David Stern said he would like to be able to integrate information from his own local desktop with the results of a search; he felt it would be better to keep the harvester separate from the repository so it wouldn’t mess you up. Kim said this sounds like a Google search of my desktop and the web. David answered not quite.
Kate asked if we could use Google Scholar as our harvester. Fred said anything exposed in OAI could be Googled, keeping in mind that Google can not index licensed domains. David Gewirtz said it’s our special collections that we want to build upon, to keep our content and send metadata to Google.
Julie asked what IAC should do in response to these discussions. Fred said we are trying to determine options beyond MetaLib implementations by exploring goals and avenues. One step is to get OAI enabled metadata exposed and access collections through MetaIndex and Google. Work has begun on harvesting OAI-compliant metadata from the Finding Aids, StatCat, and the DL at Beinecke.

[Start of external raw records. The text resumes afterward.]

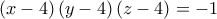 \left ( x-4 \right )\left ( y-4 \right )\left ( z-4 \right )=- 1 \left ( x-4 \right )\left ( y-4 \right )\left ( z-4 \right )=- 1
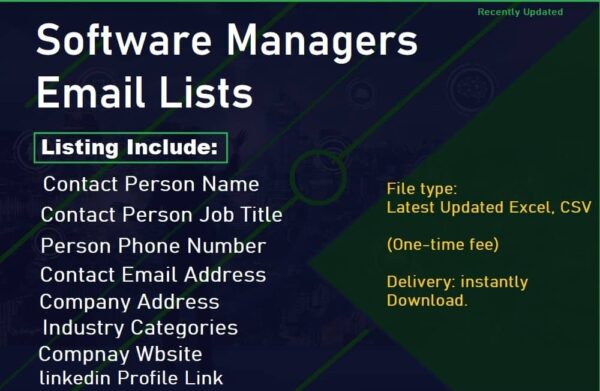 Software Managers Business Email Databases Trial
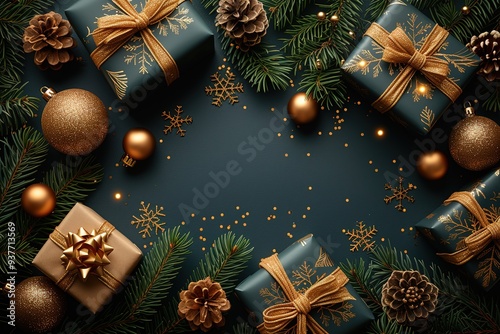 Christmas banner Background Xmas design of sparkling lights garland, with realistic gifts box, black snowflake and glitter gold confetti Horizontal christmas poster, greeting cards, headers, website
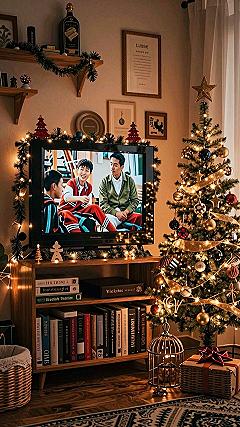 Framing the Television with Festive Garland and Warm Lighting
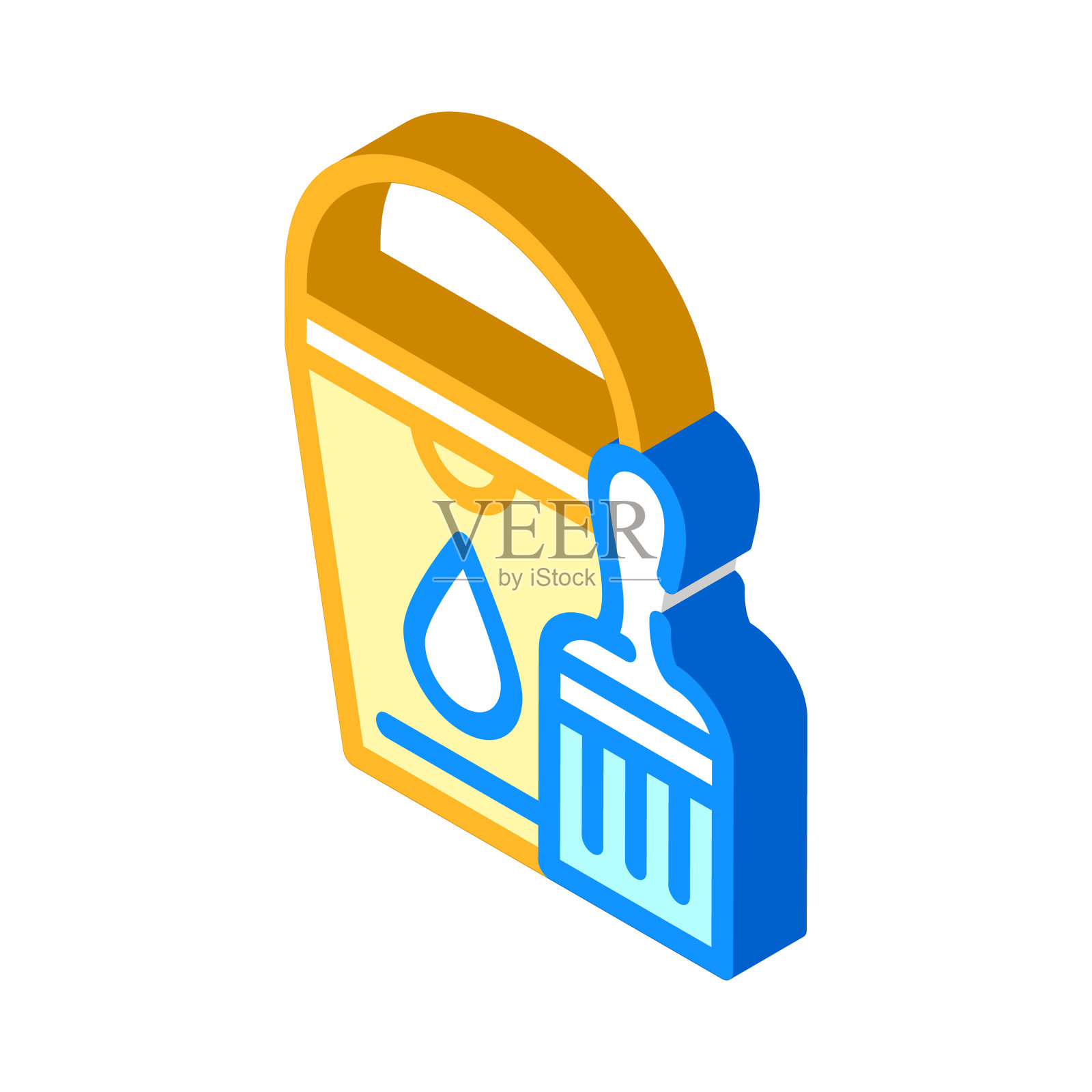 桶与笔刷等距图标矢量插图插画图片素材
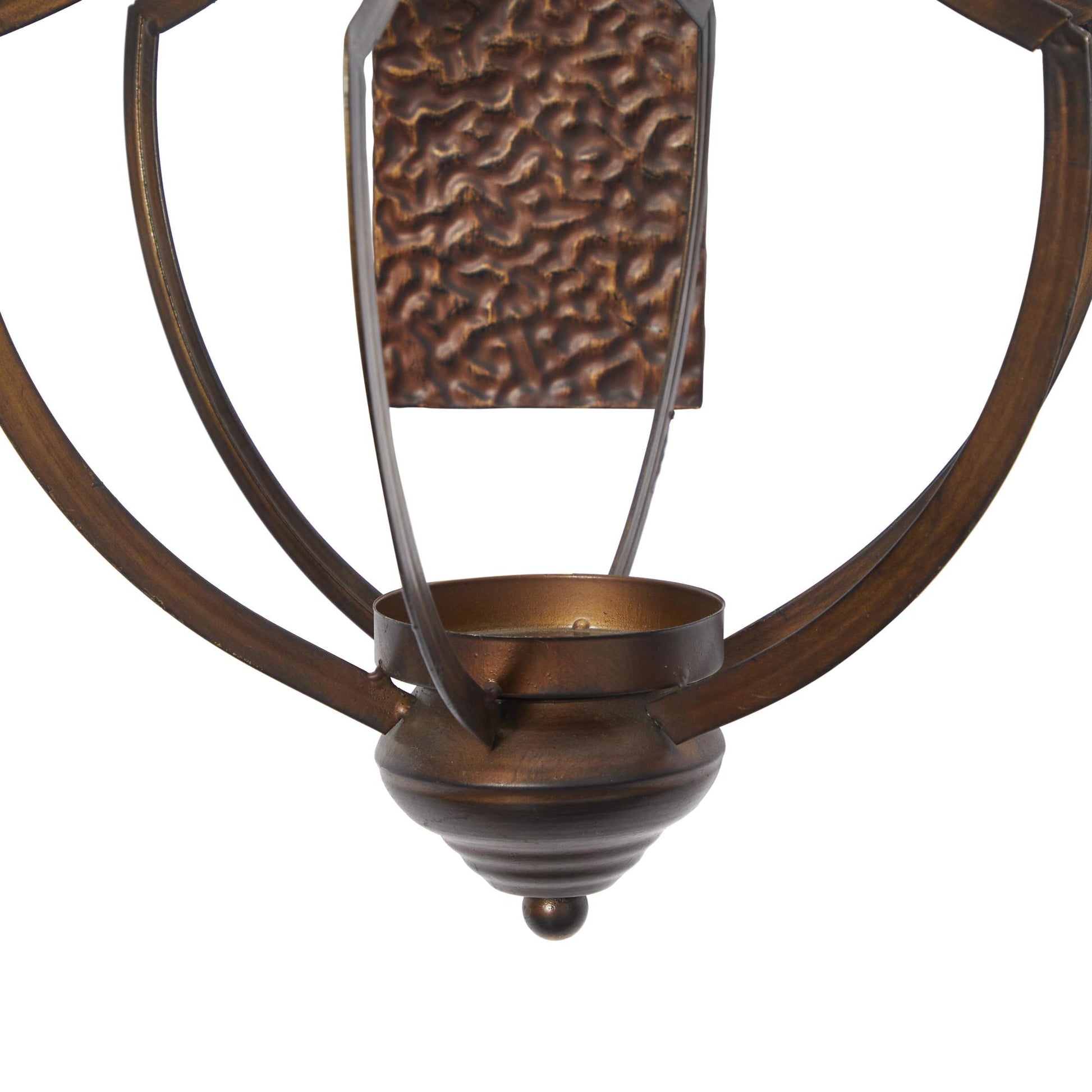 Scroll Bronze Metal Single Candle Indoor Outdoor Wall Sconce
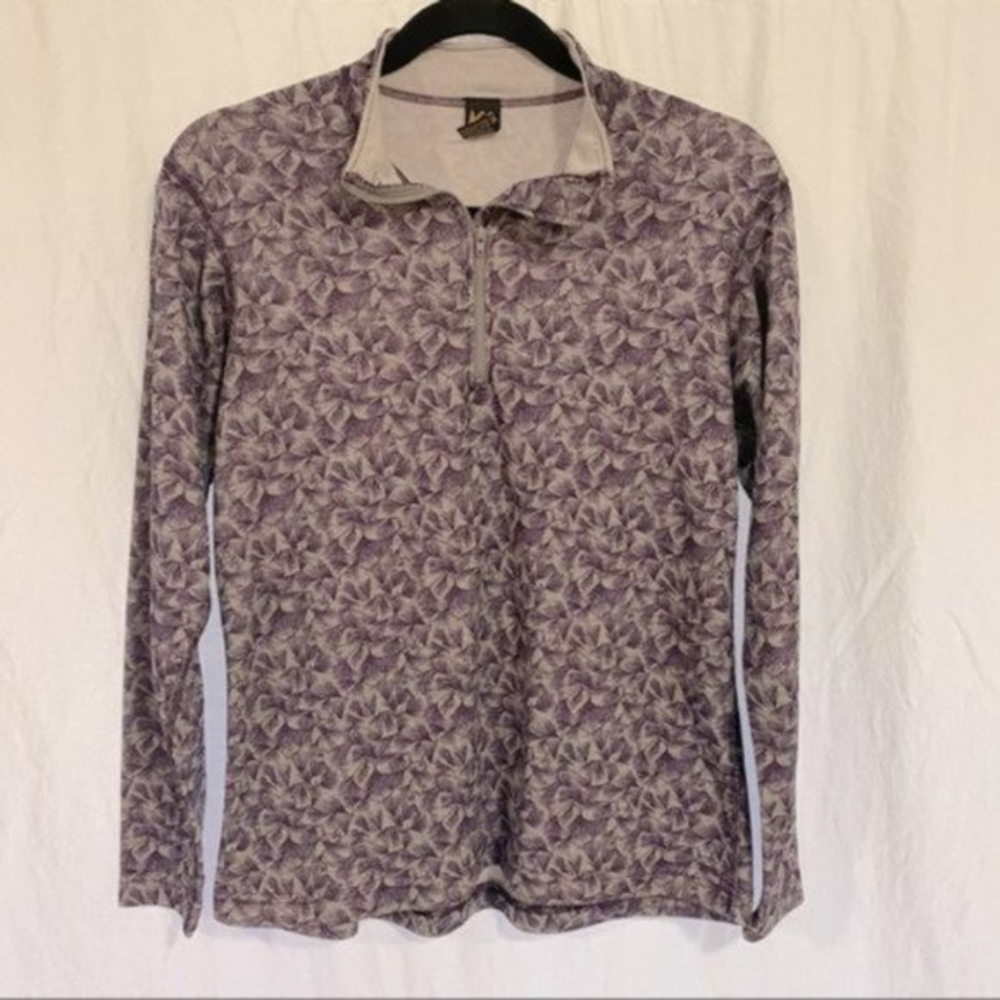 REI Gray Purple Floral 1/4 Zip Pullover Size Medium‎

Rich asked if this approach is policy. Fred said it could be if IAC members agree that it should be. Kim said lets try several things before we decide on policy, considering the amount of work involved in making all collections OAI-compliant. She suggested that the pilots go ahead first, that it is worth experimenting and gauging the impact of enabling OAI and harvesting OAI metadata. Rich asked is there a practical approach to making collections OAI-enabled. We need to come up with the details. In regard to public access to OAI metadata, Kalee noted you can OAI-enable collections but you don’t have to allow harvesting of them externally. Fred said the pilots would also enable prioritization of effort; internal vs. external needs. Kim said there is not yet agreement regarding direct access to Orbis records via Open Worldcat due to ILL issues. David said this will be on the agenda of the Public Services Management Council. Julie asked how do we proceed with the decision of repositories and OAI. Fred said OAI does not yet fully support content harvesting at the moment, so this is a long term issue and repository planning can go forward. Rich said there are questions that need to be asked in regard to policies about enabling OAI harvesting, especially regarding domains, the impact of access, etc. There should be a standard protocol used each time collections are enabled. The protocol will help in prioritization and planning.
David Stern asked if IAC can get a general overview of OAI including costs, etc. Fred said when these pilot projects that are being worked on are done there would be an update on their outcome. David said we don’t need full finished data and would like more information sooner. Ann noted that the Metadata committee is working on core descriptive metadata recommendations and will need to consider OAI compliance. There are questions about how to connect the OAI pilots, the metadata work, public access concerns, and policies and protocol development. The library needs a group to develop and coordinate OAI policy.
Ann announced that Katie’s discussion about usability and user needs assessment will be moved to the May IAC meeting.